• Source data:

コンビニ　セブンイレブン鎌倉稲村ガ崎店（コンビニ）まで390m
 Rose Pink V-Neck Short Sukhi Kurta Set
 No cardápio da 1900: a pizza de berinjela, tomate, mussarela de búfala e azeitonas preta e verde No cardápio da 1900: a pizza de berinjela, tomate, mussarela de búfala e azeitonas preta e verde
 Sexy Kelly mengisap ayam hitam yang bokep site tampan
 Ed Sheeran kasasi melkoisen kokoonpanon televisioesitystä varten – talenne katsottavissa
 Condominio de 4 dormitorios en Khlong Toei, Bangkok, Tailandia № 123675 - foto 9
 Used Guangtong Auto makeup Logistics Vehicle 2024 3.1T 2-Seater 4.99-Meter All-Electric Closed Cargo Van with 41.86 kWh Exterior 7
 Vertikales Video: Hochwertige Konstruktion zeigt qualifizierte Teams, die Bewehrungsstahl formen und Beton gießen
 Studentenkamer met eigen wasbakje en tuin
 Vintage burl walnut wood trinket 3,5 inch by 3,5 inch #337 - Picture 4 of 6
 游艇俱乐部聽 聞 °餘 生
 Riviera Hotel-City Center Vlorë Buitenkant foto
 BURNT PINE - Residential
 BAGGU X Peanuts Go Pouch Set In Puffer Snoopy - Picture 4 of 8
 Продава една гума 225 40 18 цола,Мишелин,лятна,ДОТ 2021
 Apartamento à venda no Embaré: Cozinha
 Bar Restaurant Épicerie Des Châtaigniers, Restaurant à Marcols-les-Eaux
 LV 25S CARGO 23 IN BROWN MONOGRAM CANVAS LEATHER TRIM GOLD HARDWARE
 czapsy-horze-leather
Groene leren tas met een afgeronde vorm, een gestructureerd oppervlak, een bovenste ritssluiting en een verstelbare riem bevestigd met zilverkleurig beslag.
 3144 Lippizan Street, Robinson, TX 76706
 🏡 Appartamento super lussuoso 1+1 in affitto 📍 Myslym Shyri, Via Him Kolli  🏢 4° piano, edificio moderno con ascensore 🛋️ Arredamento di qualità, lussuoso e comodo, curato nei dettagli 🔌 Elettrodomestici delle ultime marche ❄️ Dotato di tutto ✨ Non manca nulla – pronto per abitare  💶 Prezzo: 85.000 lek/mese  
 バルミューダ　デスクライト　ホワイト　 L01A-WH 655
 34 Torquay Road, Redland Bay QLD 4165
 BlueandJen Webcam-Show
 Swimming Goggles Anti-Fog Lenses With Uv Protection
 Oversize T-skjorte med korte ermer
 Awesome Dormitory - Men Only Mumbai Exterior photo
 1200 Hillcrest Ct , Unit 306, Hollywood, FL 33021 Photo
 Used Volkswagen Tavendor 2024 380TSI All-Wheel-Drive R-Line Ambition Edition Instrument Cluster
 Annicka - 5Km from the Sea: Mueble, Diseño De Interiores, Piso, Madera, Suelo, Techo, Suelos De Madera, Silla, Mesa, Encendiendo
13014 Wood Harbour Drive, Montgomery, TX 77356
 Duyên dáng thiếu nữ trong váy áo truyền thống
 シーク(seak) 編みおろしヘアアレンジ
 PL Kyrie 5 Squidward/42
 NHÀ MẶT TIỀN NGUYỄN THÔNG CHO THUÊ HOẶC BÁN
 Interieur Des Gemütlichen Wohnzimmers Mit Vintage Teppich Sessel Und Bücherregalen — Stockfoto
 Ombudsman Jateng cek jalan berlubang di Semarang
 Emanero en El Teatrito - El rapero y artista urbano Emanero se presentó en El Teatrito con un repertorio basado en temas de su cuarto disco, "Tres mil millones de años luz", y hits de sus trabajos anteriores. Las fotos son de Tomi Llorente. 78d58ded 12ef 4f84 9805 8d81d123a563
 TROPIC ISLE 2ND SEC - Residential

• EXERCISE REQUIREMENTS: Gather up the lines containing the word "Exterior" from these records and copy them.

• EXERCISE RESULT:
 Used Guangtong Auto makeup Logistics Vehicle 2024 3.1T 2-Seater 4.99-Meter All-Electric Closed Cargo Van with 41.86 kWh Exterior 7
 Awesome Dormitory - Men Only Mumbai Exterior photo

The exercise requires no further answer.